Pharmacists are currently doing their level best to control the release of drugs from a pill by using different release mechanisms – even entertaining the idea of using a pill that may come with a coating that is designed to be dissolved in a particular part of the digestive tract or after a certain amount of time. Unfortunately, this method isn’t really all that effective considering how the rate of passage through the body varies, with different individuals having varying levels of digestive enzymes compared to others. Philips has decided that the best way to circumvent this problem would be using a remote-controlled pill, boasting a cavity for carrying a drug that can be opened by a remote signal.
One will be able to track the passage of the pill using ultrasound or MRI, having the drug dispensed at the right moment thanks to an electronic trigger.

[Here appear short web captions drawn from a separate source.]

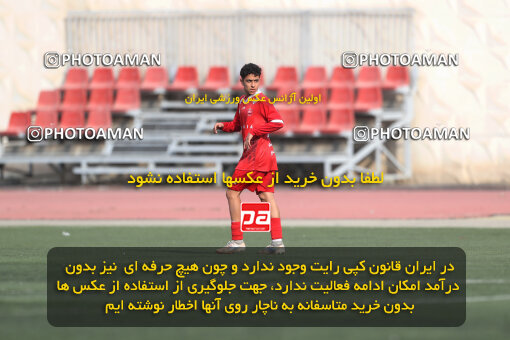 1404.11.09_18318_156_0074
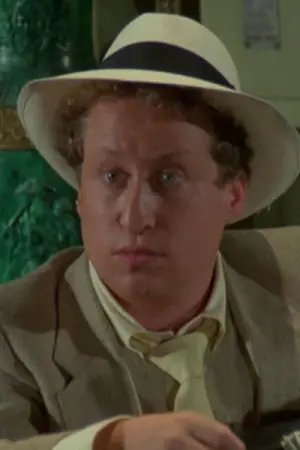 Photo Cork Hubbert #63564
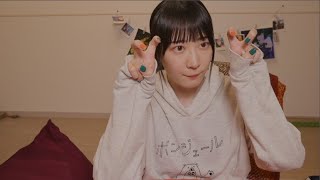あ
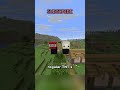 THEY ADDED CARPET BOMBING TO MINECRAFT!!!!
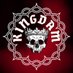 Kingdom (@kingdom1674017) Twitter profile photo Kingdom (@kingdom1674017) Twitter profile photo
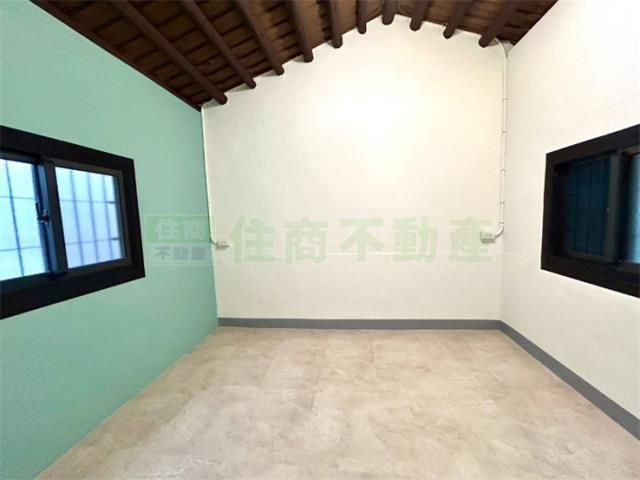 內埔建地-9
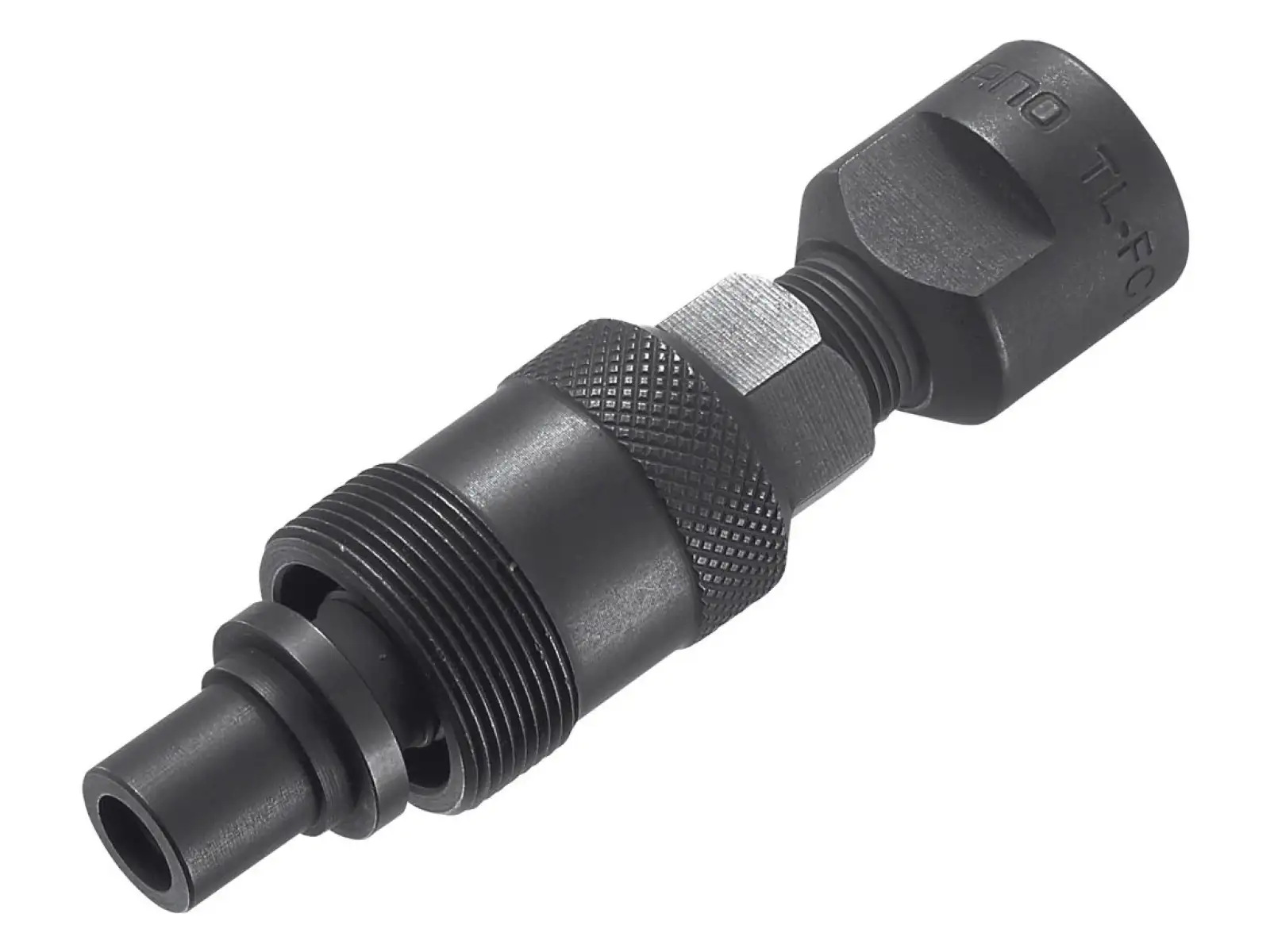 Shimano TL-FC11 Kurbelabzieher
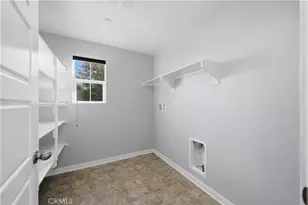 34579 Candlestick Cir, Murrieta, CA 92563 - Photo 36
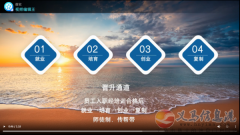 海南·陵水·清水湾河南省退役军人就业创业——海南服务中心招聘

Unfortunately, I don’t think this idea would work out well for homebound folks since how many laypersons will be able to afford an ultrasound or MRI machine for use at home? In addition, the drug can also be programmed to be released based on different external factors – such as the patient’s blood pressure level or whenever atmospheric pollen reaches a certain level.
Philips is currently working on making these pills affordable enough to be disposable, saving the hassle of collecting and recycling these pills after use. I certainly would loathe the idea of sifting through my own waste to find one tiny pill – don’t forget the cost of purchasing disposable gloves while going through such an unpleasant experience? I suppose folks won’t mind forking out a little bit extra for hygiene and convenience. One thing though – what happens when the transmitter in the pill is faulty, or if it runs out of power to be able to receive signals from the remote control?